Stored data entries
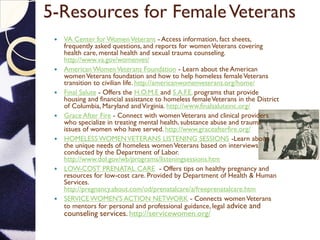 5-Resources for FemaleVeterans
 VA Center for WomenVeterans - Access information, fact sheets,
frequently asked questions, and reports for womenVeterans covering
health care, mental health and sexual trauma counseling.
http://www.va.gov/womenvet/
 American WomenVeterans Foundation - Learn about the American
womenVeterans foundation and how to help homeless femaleVeterans
transition to civilian life. http://americanwomenveterans.org/home/
 Final Salute - Offers the H.O.M.E and S.A.F.E. programs that provide
housing and financial assistance to homeless femaleVeterans in the District
of Columbia, Maryland andVirginia. http://www.finalsaluteinc.org/
 Grace After Fire - Connect with womenVeterans and clinical providers
who specialize in treating mental health, substance abuse and trauma
issues of women who have served. http://www.graceafterfire.org/
 HOMELESS WOMENVETERANS LISTENING SESSIONS -Learn about
the unique needs of homeless womenVeterans based on interviews
conducted by the Department of Labor.
http://www.dol.gov/wb/programs/listeningsessions.htm
 LOW-COST PRENATAL CARE - Offers tips on healthy pregnancy and
resources for low-cost care. Provided by Department of Health & Human
Services.
http://pregnancy.about.com/od/prenatalcare/a/freeprenatalcare.htm
 SERVICE WOMEN'S ACTION NETWORK - Connects womenVeterans
to mentors for personal and professional guidance, legal advice and
counseling services. http://servicewomen.org/
 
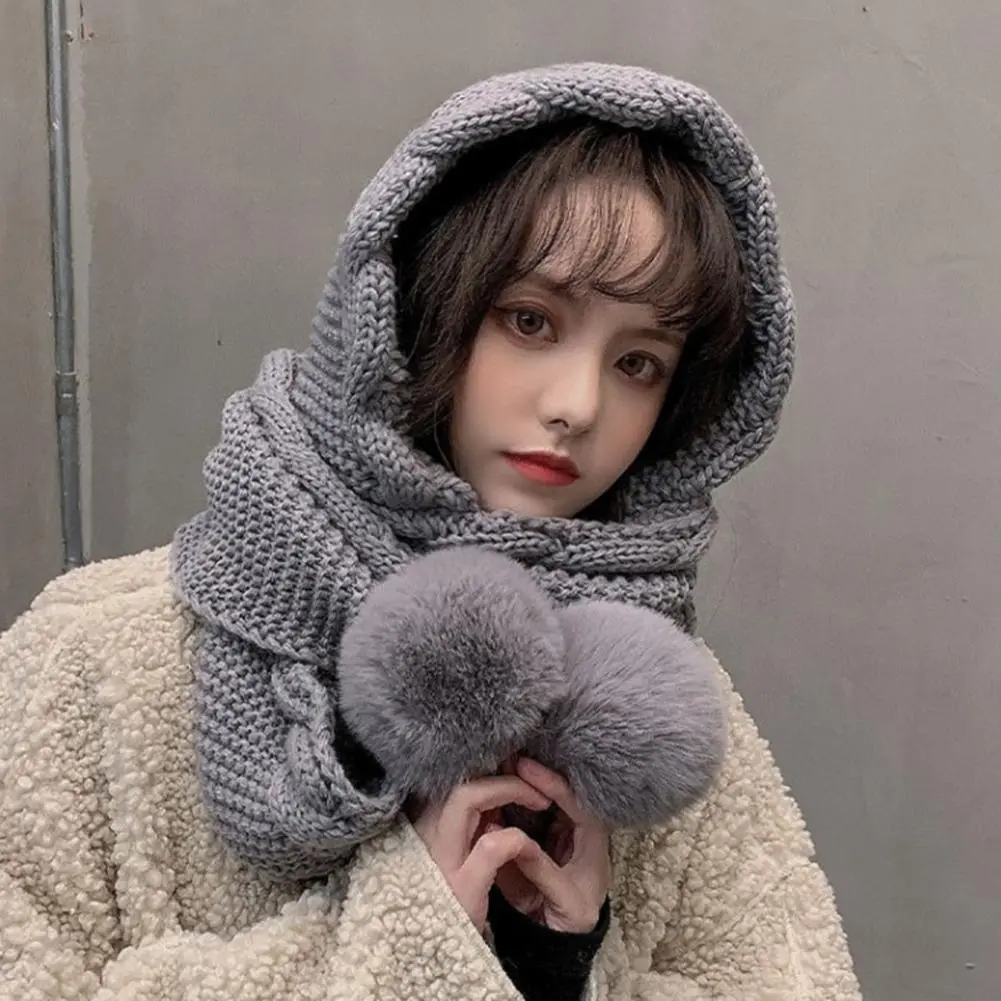 Twist Trim Knitted Scarf Hat Women Novelty Beanies Caps Plush Balls Decor Scarf Hat Casual Plush Hat Windproof Women Winter Caps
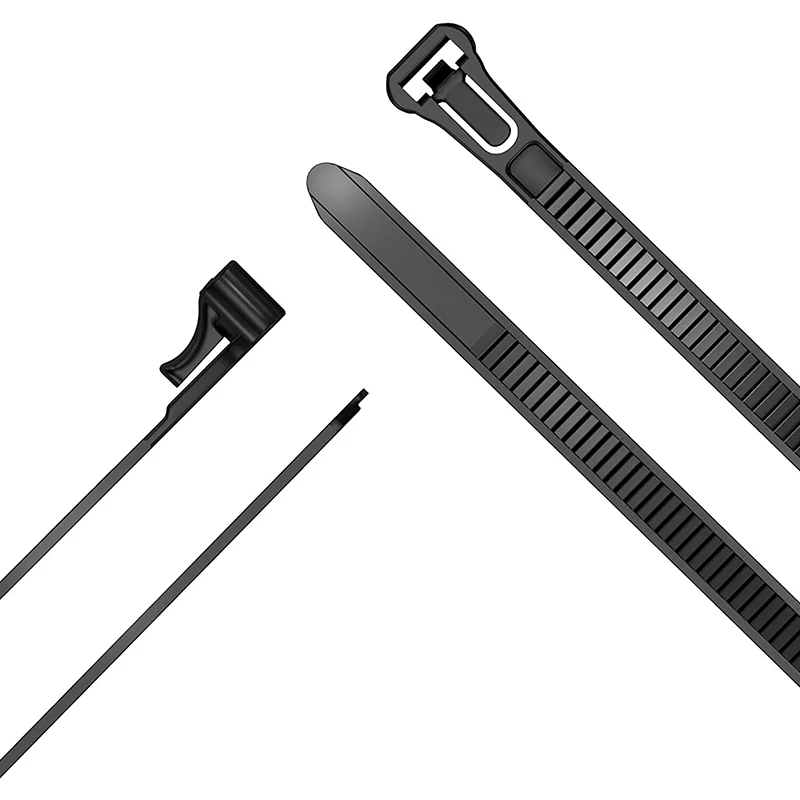 VO-100개 라이브 버클 재사용 가능한 나일론 케이블 타이 블랙 7.4mm X 250mm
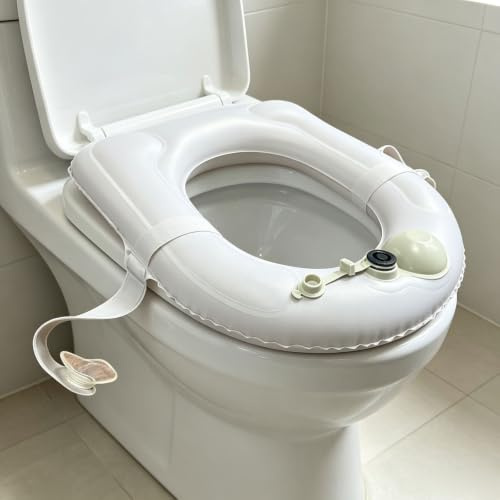 Inflatable Travel Toilet Seat Riser, Portable Travel PVC Grey Toilet Seat Raised Cushion with Suction Cup for Travel Camping; Bedside Commode and Elderly Recovery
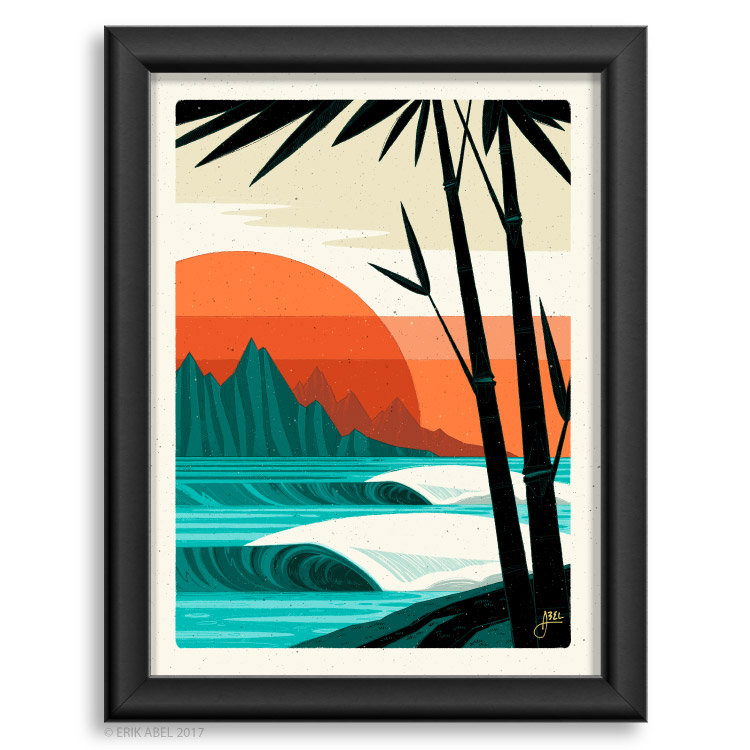 バスク Ramiro Arrue アート 絵画 図録 アートブック 作品集 Bamboo Groove | Tropical Beach Scene, Modern Surf Art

WORK TO BE COMPLETED
Copy every line above word for word and exclude the pictures.

TASK RESPONSE
 5-Resources for FemaleVeterans
 VA Center for WomenVeterans - Access information, fact sheets,
frequently asked questions, and reports for womenVeterans covering
health care, mental health and sexual trauma counseling.
http://www.va.gov/womenvet/
 American WomenVeterans Foundation - Learn about the American
womenVeterans foundation and how to help homeless femaleVeterans
transition to civilian life. http://americanwomenveterans.org/home/
 Final Salute - Offers the H.O.M.E and S.A.F.E. programs that provide
housing and financial assistance to homeless femaleVeterans in the District
of Columbia, Maryland andVirginia. http://www.finalsaluteinc.org/
 Grace After Fire - Connect with womenVeterans and clinical providers
who specialize in treating mental health, substance abuse and trauma
issues of women who have served. http://www.graceafterfire.org/
 HOMELESS WOMENVETERANS LISTENING SESSIONS -Learn about
the unique needs of homeless womenVeterans based on interviews
conducted by the Department of Labor.
http://www.dol.gov/wb/programs/listeningsessions.htm
 LOW-COST PRENATAL CARE - Offers tips on healthy pregnancy and
resources for low-cost care. Provided by Department of Health & Human
Services.
http://pregnancy.about.com/od/prenatalcare/a/freeprenatalcare.htm
 SERVICE WOMEN'S ACTION NETWORK - Connects womenVeterans
to mentors for personal and professional guidance, legal advice and
counseling services. http://servicewomen.org/
 
 Twist Trim Knitted Scarf Hat Women Novelty Beanies Caps Plush Balls Decor Scarf Hat Casual Plush Hat Windproof Women Winter Caps
 VO-100개 라이브 버클 재사용 가능한 나일론 케이블 타이 블랙 7.4mm X 250mm
 Inflatable Travel Toilet Seat Riser, Portable Travel PVC Grey Toilet Seat Raised Cushion with Suction Cup for Travel Camping; Bedside Commode and Elderly Recovery
 バスク Ramiro Arrue アート 絵画 図録 アートブック 作品集 Bamboo Groove | Tropical Beach Scene, Modern Surf Art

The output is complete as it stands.